Уже вознамерившись уходить, Повелитель вспомнил о лишней пешке, осторожно, двумя пальцами ухватил ее за тонкую талию, поглядел в лицо. Очень молодой, напуганный парень с приметной седой прядью. Да, на этот раз никаких ошибок. Повелитель снял пешку с доски и небрежно выпустил из пальцев. Она исчезла, не долетев до пола. Для Повелителя было тайной, как это происходит, но тайной неважной. Без ответа на этот вопрос он вполне мог обойтись.

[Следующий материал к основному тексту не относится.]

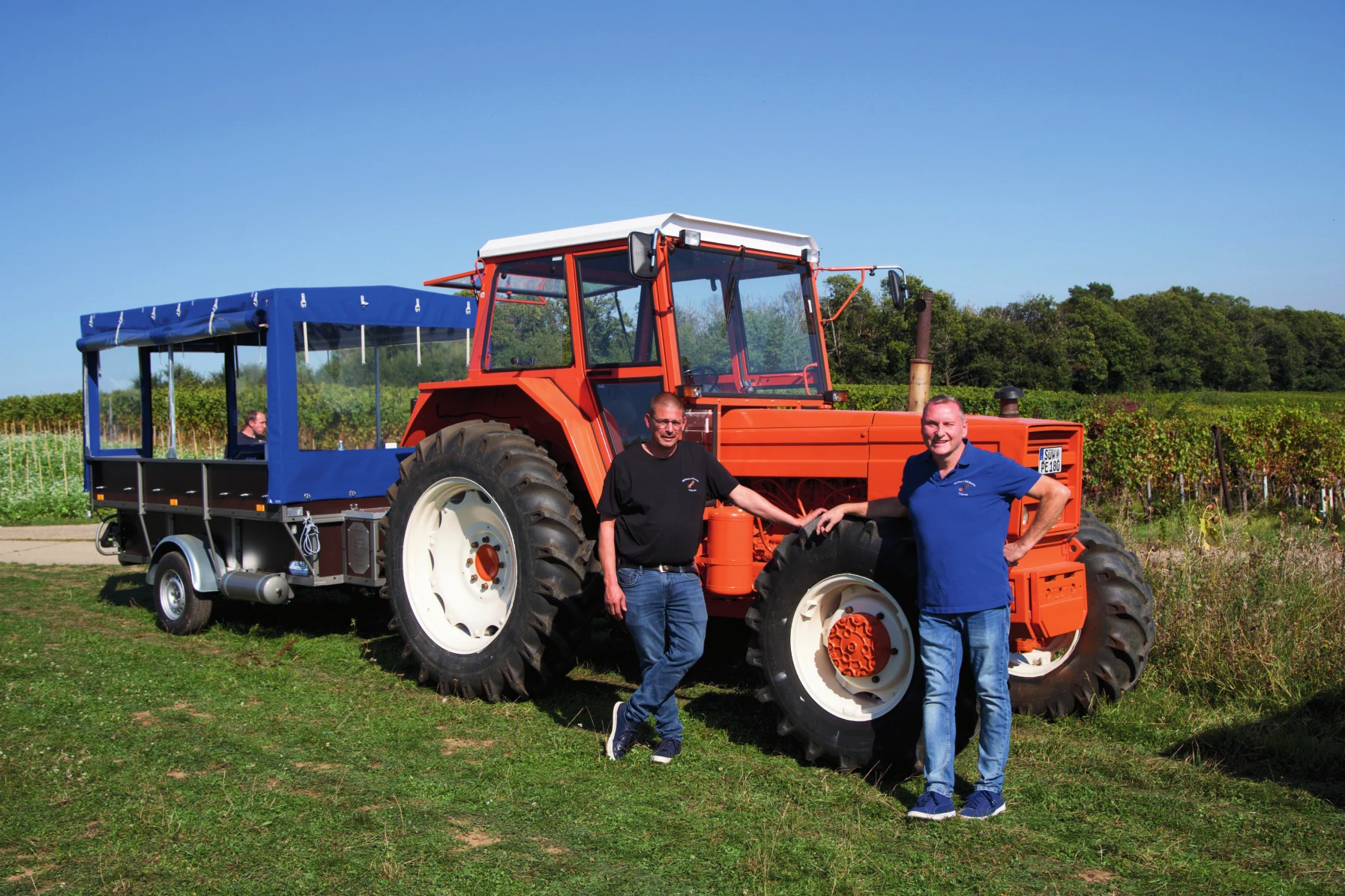 Zwei Männer vor dem roten Traktor mit blauem Planwagen in den Weinbergen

В каморку набились солдаты. Обр и оглянуться не успел, как оказался на улице, снова со скрученными руками и в окружении красных мундиров. На улице было печально. С неба сыпался нудный бесконечный дождик. Видно, начался он еще ночью, потому что плотная земля главной площади успела превратиться в истоптанную грязь. Несмотря на погоду, народу вокруг Дерева Правосудия скопилось еще больше, чем вчера. Хорт поглядел на дождик, на мокрый дуб и споткнулся взглядом о веревочную петлю, свисавшую с толстой ветки. Другой конец веревки был аккуратно переброшен через сучок, чтоб не запачкался. От Обра до петли было шагов двести.
Ноги сами остановились, наотрез отказываясь идти дальше. До последней минуты он был уверен, что пронесет, удастся вывернуться, как всегда обойдется. Но тут отчетливо понял – не пронесет. Его ощутимо подтолкнули в спину, и он пошел, лихорадочно цепляясь взглядом за любой пустяк: глубокий след от солдатского сапога с рубцами на подошве, красный бабий платок в толпе, дурацкий треух на чьей-то всклокоченной голове, черные глаза вчерашней девчонки. Девчонка стояла в первом ряду, стиснув маленькие кулачки.